Talking falconry and festivals with Italian producer Lorenzo Senni.

by Josh Baines
|
Apr 30 2018, 8:44pm

Italian electronic musician and composer Lorenzo Senni spent his adolescence straddling an unusual divide. “When I was a teenager I was exposed to a certain kind of music: techno, trance and gabber were all the rage in the clubs I was going to,” he tells me. “But I was actively part of the local straight-edge scene. More often than not I’d be the only sober person out of six thousand in a nightclub. I was a rave voyeur, and it’s only now that I’m really beginning to understand what that means.”

Before the Teutonic thump of techno’s mechanistic 4/4 thud took hold, the discotheques of Senni’s hometown of Rimini shook to the sound of Italo, that high-energy, high-camp, super-synthetic take on disco’s overblown melodrama.

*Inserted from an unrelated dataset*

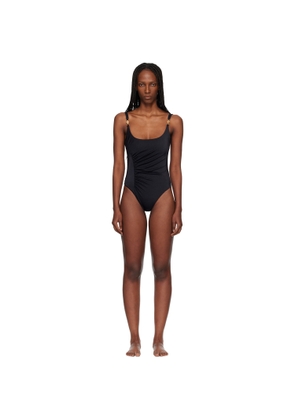 Versace Black One-Piece Swimsuit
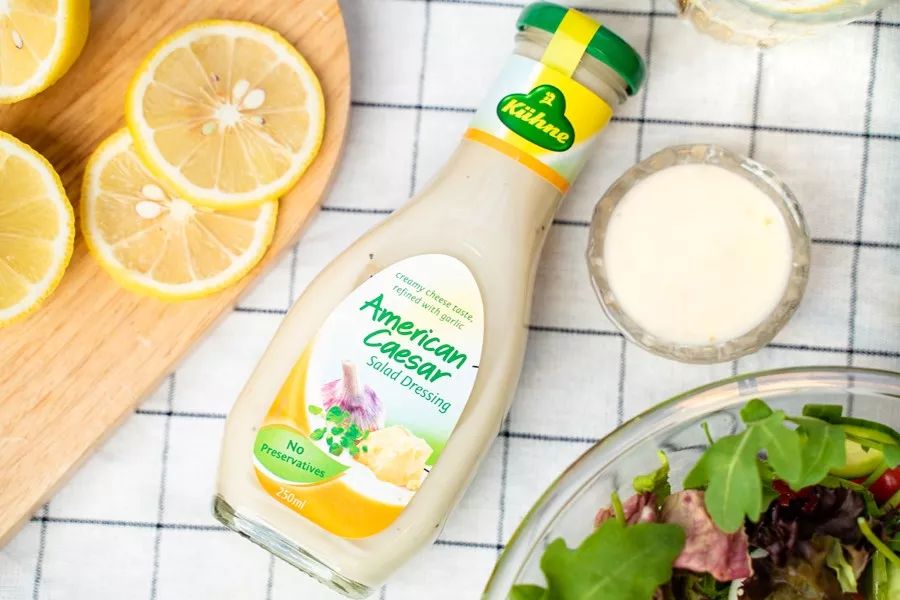 低卡版沙拉酱,低脂好吃的沙拉酱推荐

For many music lovers, the place and the sound are entwined. While you’re now more likely to hear deep house than Daniele Baldelli, something of that sweat-soaked hedonism of the heyday of the Italo disco scene hangs in the air. Well, according to Senni at least: “Semi-naked foreign people walking in the streets have always been part of my life.”

“Semi-naked foreign people walking in the streets have always been part of my life.”

“Pointillist trance” is a term of Senni’s own devising and one he hasn’t been able to shake off. Until now. It is also an alarmingly accurate description of the music you’ll hear on albums like 2014’s superlative Superimpositions, and its predecessor, 2012’s Quantum Jelly records that shudder under the weight of glistening arpeggios, comprised of tracks that build and build like the most sugar-rotten big-room trance going. Except they build to nothing. There is no release, no drop, no big bang. There is constant, disorientating elevation.

Senni’s latest project, following on from last year’s bigger-than-Jesus “The Shape of Trance to Come” 12”, sees the producer changing tack. His recently-released-on-Warp but first composed in 2016 score for Italian director Yuri Ancarani’s The Challenge, an elegiac, languid, arthouse film about falconry might come as a shock for anyone expecting another dose of club-ready hyperactive hypnosis.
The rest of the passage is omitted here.